O Brasil ganhou a Copa das Nações com facilidade, o que também ocorreu no título do Sul-Americano Sub-20, no mesmo mês. Essa disparidade técnica também vai aparecer na Copa América?
A Copa América ganhou uma dimensão maior. Passa a ser a eliminatória da Copa do Mundo. Os times não vão jogar só pela Copa América, mas pelas vagas para o Mundial. As disputas devem ser mais acirradas. São quatro vagas por continente, e a gente tem bons candidatos. O êxito do Brasil tem que ser analisado não só sob o ponto de vista técnico, mas estratégico. O Brasil renovou muito a seleção para o Mundial de 2021. Dos 16 atletas que estavam no Mundial da Lituânia, 14 estavam indo pela primeira vez.
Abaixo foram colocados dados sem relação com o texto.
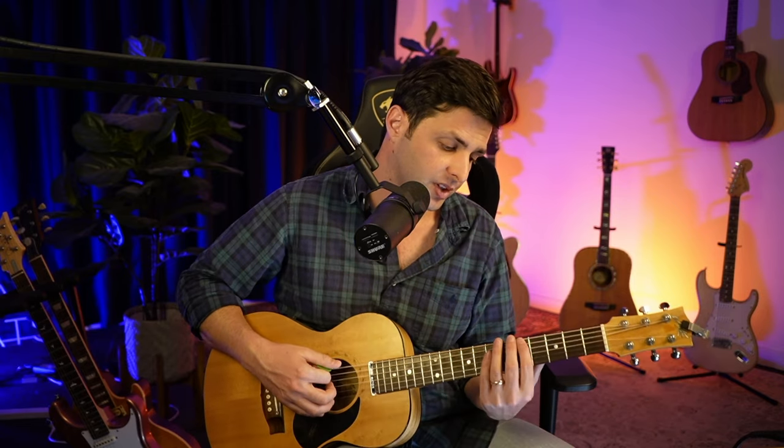E minor pentatonic is really handy because you would have heard it in many songs. That's all the pentatonic scale is — it's five notes.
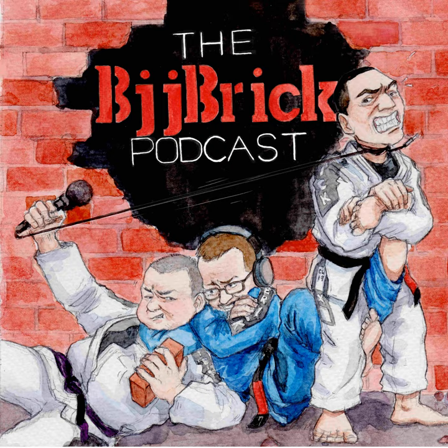Welcome back, my friends. This is BJJ Brick. My name is Byron. Last episode, I told you about my first real experience with black belt jiu-jitsu pressure. It was eye-opening.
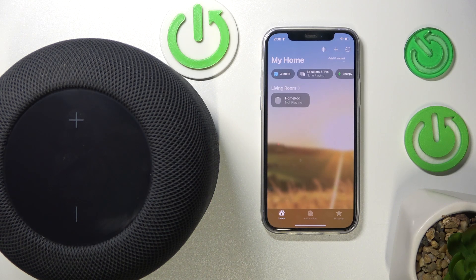Hi everyone, welcome. Today in front of me is Apple HomePod 2 and I'm going to show you how to easily pause your music. Let's get started.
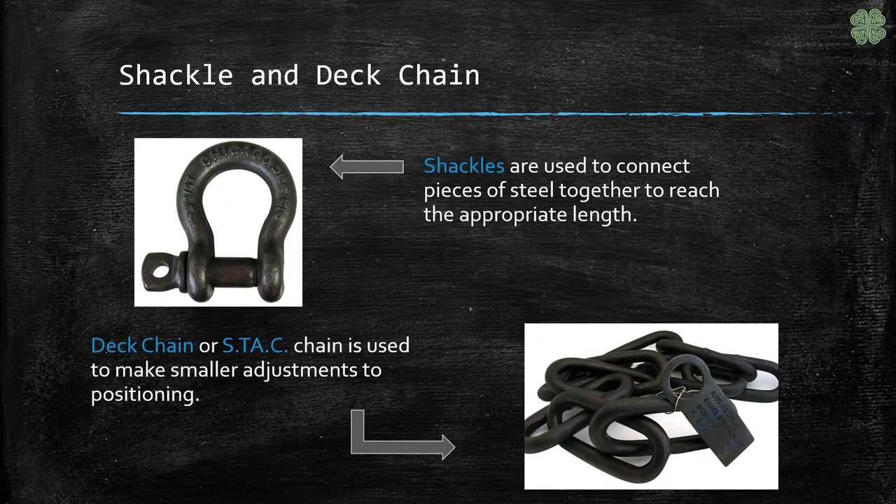Shackles are used for connecting all of the pieces of steel together to reach the appropriate length. Steel should always be connected on the bell or the pin, but never on the sides. Deck chain or stack chain is used for making smaller moves than is available when using steel.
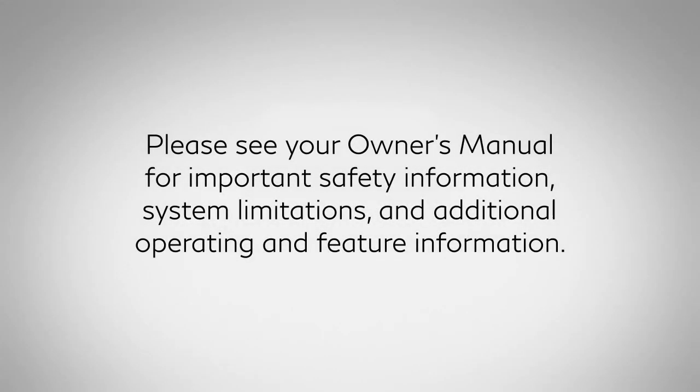Please see your owner's manual for important safety information, system limitations, and additional operating and feature information.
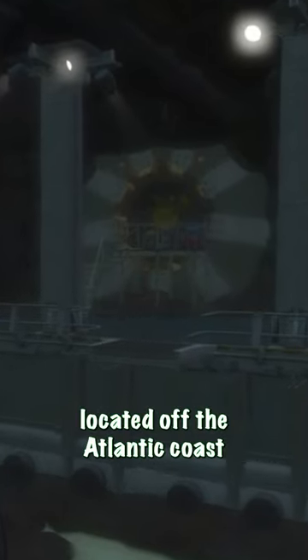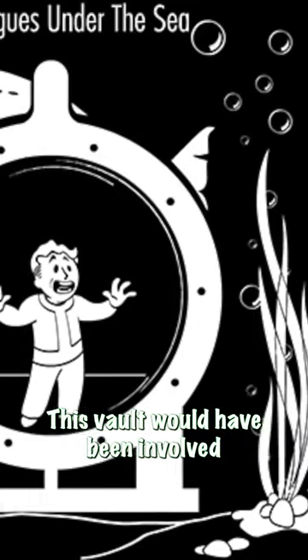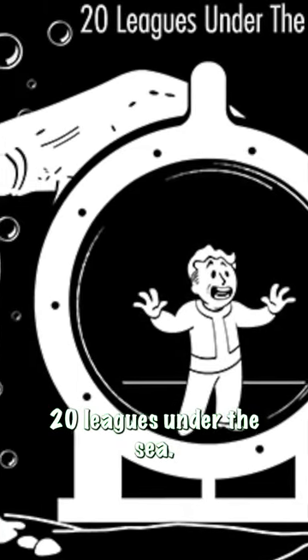Vault 120 is a cut Vault-Tec vault located off the Atlantic coast of Massachusetts, underwater in the Commonwealth. This vault would have been involved in the cut quest '20 Leagues Under the Sea.'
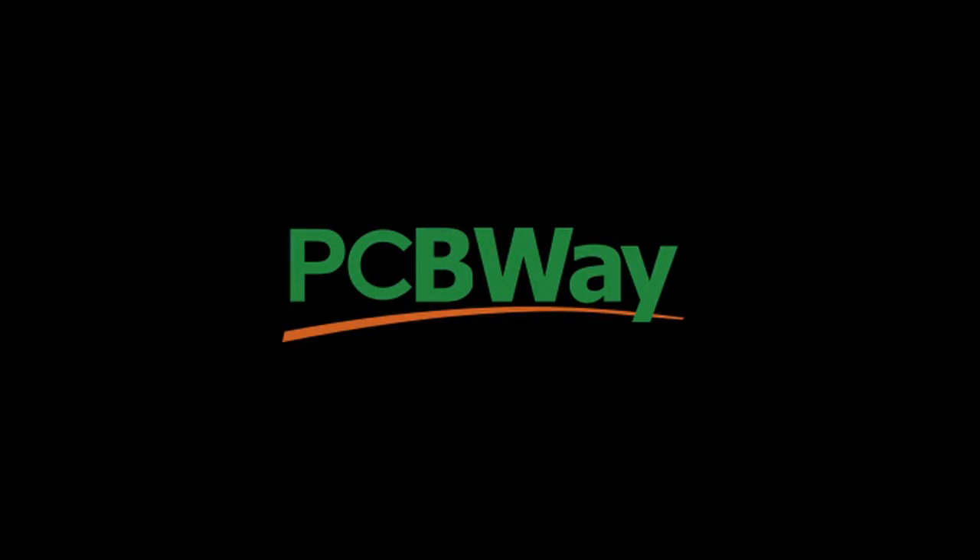Hey guys and welcome back. I've got a heap more progress to share so let's get straight into it. This video was sponsored by PCBWay.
Agora, a gente já tem essa renovação mais natural. As outras seleções, Colômbia, Paraguai, Peru e Venezuela, têm dificuldades de renovação porque o futsal não tem difusão dentro desses países. Em cada convocação, eu poderia convocar 14 jogadores diferentes dos que eu convoquei, mas aí se perderia o processo.
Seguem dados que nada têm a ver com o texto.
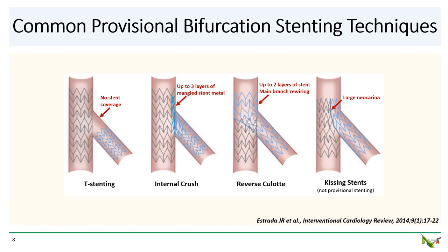T-stenting is probably the easiest bifurcation technique, but unless the side branch takes off at close to 90 degrees from the main branch, the ostium of the side branch is going to be left uncovered. Crush, or specifically internal crush as in the case of provisional stenting, is also quite common and very well studied, but it leaves up to three layers of mangled stent-crushed material in the main branch.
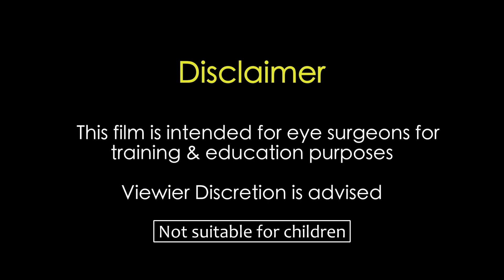This film is intended for eye surgeons for training and education purposes. Viewer discretion is strongly recommended.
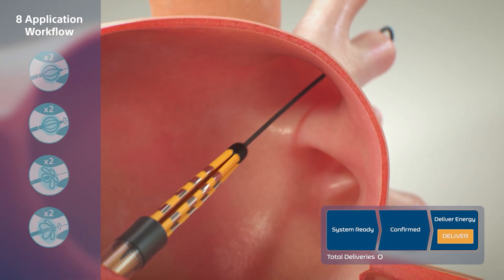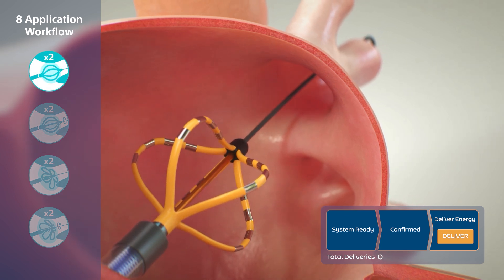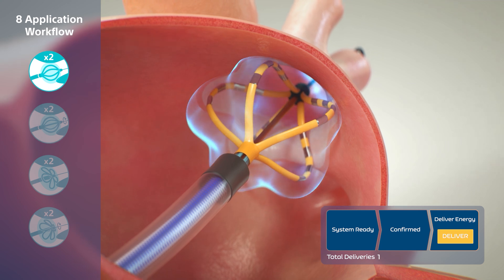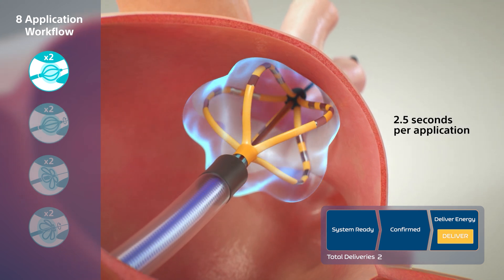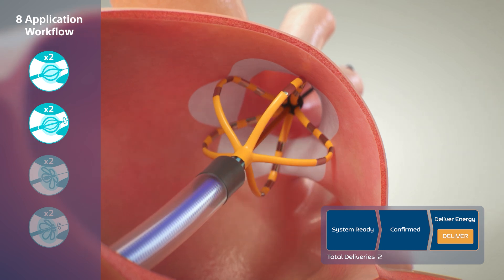The Farawave Catheter is first deployed to basket configuration in the left atrium and positioned in the ostium. Two paired pulsed field applications are performed, each 2.5 seconds in duration, rotating the catheter between paired applications.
A Argentina passa por certa dificuldade de renovação, mas fecha essa lacuna com muita preparação. Hoje, dentro da AFA (Asociación del Fútbol Argentino), existe um espaço do futsal, que nós não temos ainda no Brasil. Hoje, dentro da CBF, não temos quadra de futsal com piso de treinamento padrão Fifa. A nossa convocação é itinerante. Acontece onde vai ser o jogo. Quando se fala em alto rendimento, qualquer detalhe é detalhe. Como para um atleta de salto com vara, tem que saltar com vara de boa qualidade, se não, não vai conseguir performar.
A Argentina tem investido muito, principalmente na base, sub-17, sub-20. Eles pegam essas categorias jovens e fazem treinamentos toda a semana. Por isso, nós temos hoje, com a Argentina, embater muito disputados em todas as categorias. De um lado, tem uma equipe com grande potencial técnico de renovação, que é o Brasil, mas que não treina com tanta frequência. Do outro lado, a Argentina, que não tem tanto potencial técnico, mas que treina bastante. Acho que seriam as duas referências.
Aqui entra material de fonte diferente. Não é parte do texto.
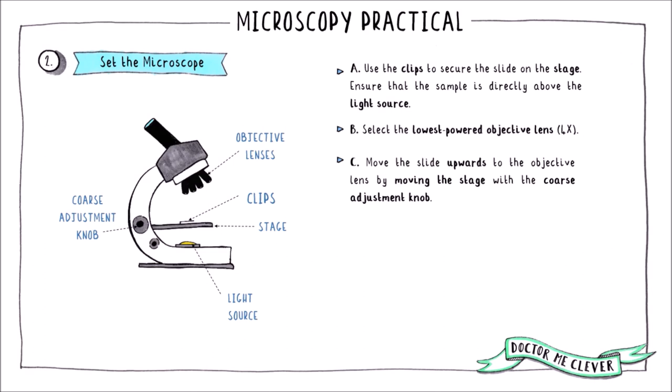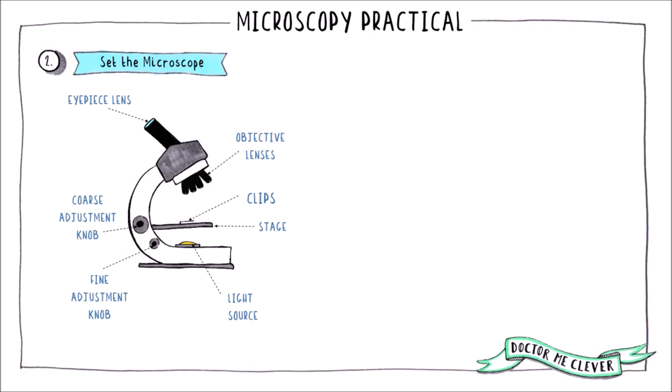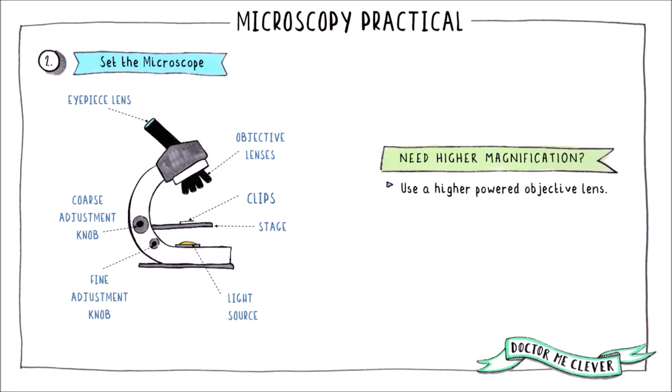Use the coarse adjustment knob to move the stage upwards towards the objective lens and stop just before the slide touches the lens — you don't want your slide to hit the lens as it could cause damage. Now look through the eyepiece lens and use the coarse adjustment knob again to move the stage back down gradually towards the light source. Stop when the specimen is almost in focus.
O que dizer sobre o Atlântico, time do Rio Grande do Sul que venceu a Liga Nacional de Futsal em 2023?
O Atlântico chegou com meritocracia. Vinha jogando muito bem a liga, muito solto, com um ar de que estava confiante para aquilo. Parabéns ao Atlântico porque perseverou, não baixou a guarda, fez um investimento importante em atletas que vinham se destacando em anos anteriores. Contratou um treinador fantástico. A carreira do Paulinha Sananduva merecia isso. Ele faz um trabalho brilhante há muito anos, em várias equipes, até pela forma que o time joga, muito ofensivo, muito confiante.